EAGLE — Gov. Jared Polis said Friday a portion of Interstate 70 could be closed for another two to three days as firefighters battle a wildfire that has forced evacuations and scorched about 23 square miles in western Colorado.
“Literally, the flames are right on the edge of the highway,” Polis said during a news conference at the Eagle County Fairgrounds after meeting with the fire’s incident commander, The Vail Daily reported.
“They’re doing their best, and so far they have been successful in having one lane open for emergency access of fire vehicles and firefighting supplies and personnel,” he said.
The Grizzly Creek fire burning in a canyon east of Glenwood Springs has shut down a 57-mile portion of Interstate 70 for five days.
The closure of I-70, the state’s main east-west artery, has forced drivers headed across Colorado to take long detours. Colorado Highway 82 over Independence Pass near Aspen was closed Wednesday after heavy traffic on the sometimes narrow mountain road, which was not a recommended detour, created unsafe conditions. Multiple vehicles towing trailers became stuck on the pass.
The route reopened on Friday, but only in a limited capacity.
“It’s kind of like a game of whack-a-mole,” said Amber Barrett, a spokeswoman for the Eagle County Sheriff’s Office. “You close one road, and another one becomes a problem.”
Officials are encouraging people not to travel west on I-70 this weekend.
The blaze is the top priority wildfire in the country because of the I-70 shutdown, which has strained local and regional supply chains.
The fire also burned through the area of Hanging Lake, one of Colorado’s most popular and visited natural attractions. Officials were able to fly over the area on Friday to inspect it.
“We’re happy to report that the main front and the most intense part of the fire did not seem to impact Hanging Lake or the immediate area,” said Scott Fitzwilliams, supervisor of the White River National Forest, during a briefing Friday evening.
Fitzwilliams said, however, that the broader area surrounding the lake was exposed to intense heat and burning. He said it will be some time before the full impacts of the blaze on the landmark are known.

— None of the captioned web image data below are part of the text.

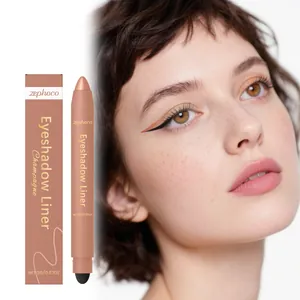 Matita eyeliner ombretto Zephoco champagne con modella che mostra l'effetto trucco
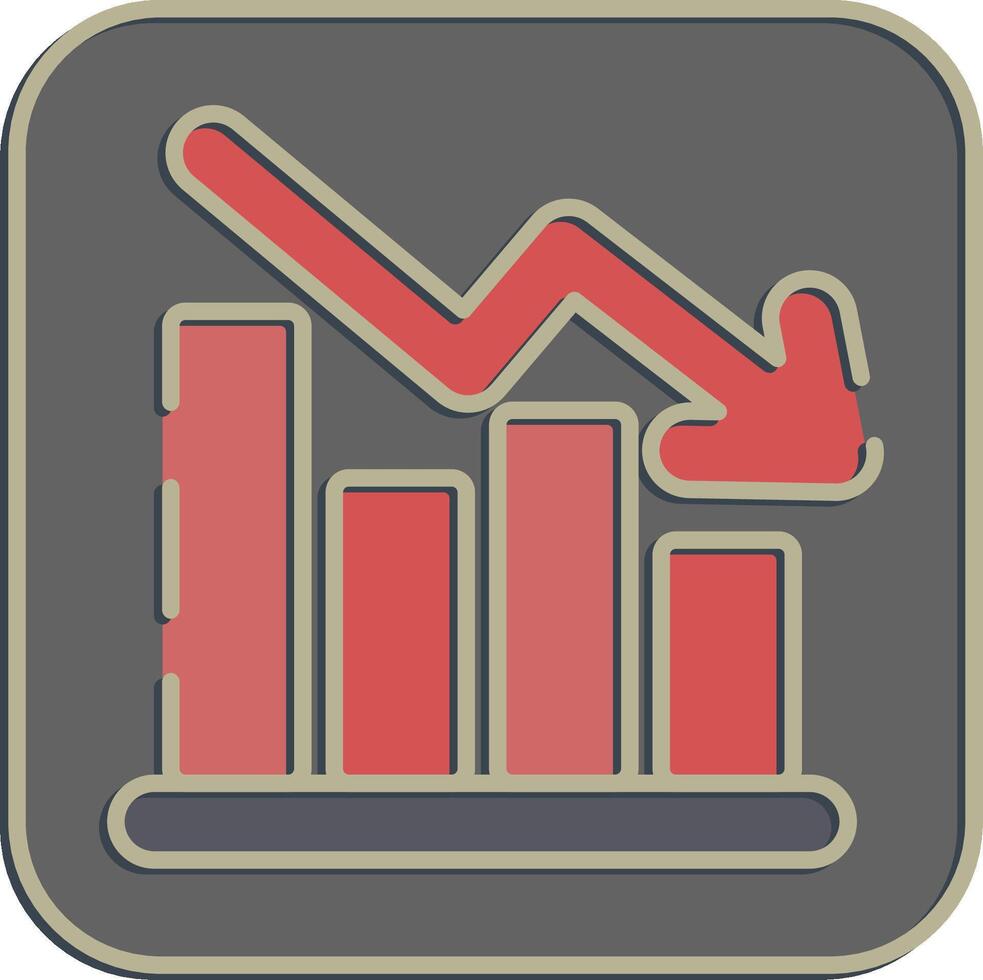 Icon recession. Economy elements. Icon in embossed style. vector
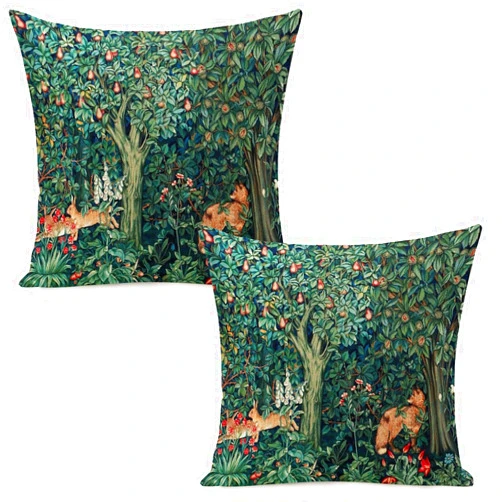 Dripglw Set Of 2 William Forest Fox Hares Blue Green Floral Morris Throw Pillow Covers 18x18 Inch Aesthetic Pillow For Bedroom Velvet Decor Pillowcase Home Decor Living Room Cushion Case For Bed Sofa Couch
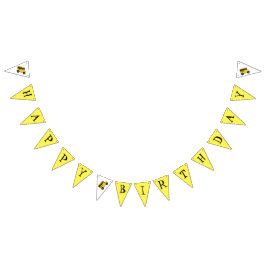 Bandeirinha Feliz Aniversário de Ensino de Ônibus Amarelo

“We won’t know for awhile what the long-term impacts (are) because Hanging Lake is more about the whole hydrology of the area,” he said. “But, for now, we’re feeling good.”
Some homes east of Glenwood Springs have been evacuated, and residents in other areas have been told to be prepared to leave if the fire intensifies.
Polis said the fire is burning mostly on U.S. Forest Service land, but it has also scorched several hundred acres of federal public land managed by the Bureau of Land Management.
Homes have also been evacuated by a wildfire that was started by lightning on July 31 north of Grand Junction. The Pine Gulch fire had grown to nearly 115 square miles and was 7 percent contained as of Friday.
The Pine Gulch blaze is now the fourth largest in Colorado history.
The Cameron Peak fire west of Fort Collins, which ignited on Thursday, has burned more than 4,500 acres. It, too, has prompted evacuations and led to the closure of Colorado 14.
On Friday officials announced that a fourth major wildfire had sparked in Colorado. The Williams Forks blaze is burning on more than 800 acres just south of Parshall in Grand County.
The fire is near the Henderson Mill, an important economic driver for Grand and Clear Creek counties that tied to the Henderson Mine in Empire.
The Williams Forks fire has prompted the evacuation of two campgrounds. A number of aerial firefighting resources were being directed to the fire on fire.